David Lowther. Author of The Blue Pencil, Liberating Belsen, Two Families at War and The Summer of ‘39, all published by Sacristy Press.
A wonderful elegy to the last season of County cricket before the Hundred was to begin this year. However current events have delayed the start of the new format until 2021. This does not detract from the emotion or beauty of the book. I found the final chapter particularly moving. Hamilton has a way with words which draws you in and makes one empathetic to the story, a quality not always found in nonfiction.
I would highly recommend this book and its sister 'A Last English Summer' to any fan of cricket.

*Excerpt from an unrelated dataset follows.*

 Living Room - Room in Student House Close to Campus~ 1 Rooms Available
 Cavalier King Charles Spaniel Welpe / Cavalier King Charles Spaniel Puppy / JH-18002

This is a must-read for cricket fans. I'm not sure I've read a more enjoyable book in the last 10 years. Hamilton's writing is astonishingly good, it's the sort of book where you want to stop every few pages and tell somebody nearby how good particular paragraphs were.
It tells the story of the 2019 English cricket season, from the village green to the Test arena. From beginning to end it's a treat for anyone who enjoys cricket. On completing it I immediately started searching for his other books, which I'll read next.
“Hampshire had been plugging away with pace, chiefly because of Abbott’s successes, which it seemed ridiculous to interrupt. But just after quarter past four, as tea approached, the ball was handed to the leg-spinner Mason Crane. Still only 22, slight and blondish, Crane arrived as a respite from the grunt of seam. You greeted him like the surprise visitor you most wanted to find at your front door.”
A polemic against the innovations in English cricket that threaten the traditional game. I was ready to dismiss the author's arguments as those of a curmudgeon but I think he just about convinces as a romantic obsessive instead of a reactionary old fool. It helps that the meat of the book - florid and enjoyable looks at the literary, historic, and geographic heritage of cricket - is very enjoyable.
Duncan Hamilton is the Neville Cardus of the modern era. He writes beautifully and elegantly about his passion for cricket, whether it be a Test match, County Championship or village green. I loved this book but it is let down by some poor proofreading.
A really excellent read. Takes you back to the summer of 2019. Hamilton gives such good descriptions of the sights and sounds, you feel like you’re there with him. I also wholeheartedly agree with his feelings about the dangers of The Hundred. A must read for any cricket fan.
A wonderful read. Duncan Hamiltons love for the County Championship shines through on every page. It leaves you similarly enthused and worried about the future of this unique sporting institution. Very highly recommended.
This book should be read by not only every cricket fan, but anyone with any interest in sport. A warning of what can be lost when "progress", short term consumerism and money are chased at the expense of your heritage.
A short but beautifully written elegiac homage to English cricket. A great antidote as I sit here listening in hope to a test match in Sydney, and one that explains how so many of us feel about the County Championship in spite of the efforts of the ECB and its new rounders competition.
This is an extremely elegantly written book about a summer of cricket in England. Hamilton had a wonderful style and turn of phrase. Highly recommended to any cricket fan, from any part of the world.
Typical Hamilton: a love of cricket, elements of social history and a synthesis of glory (Ashes! Stokes!) and disappointment (nobody at county cricket!). The modern Cardus.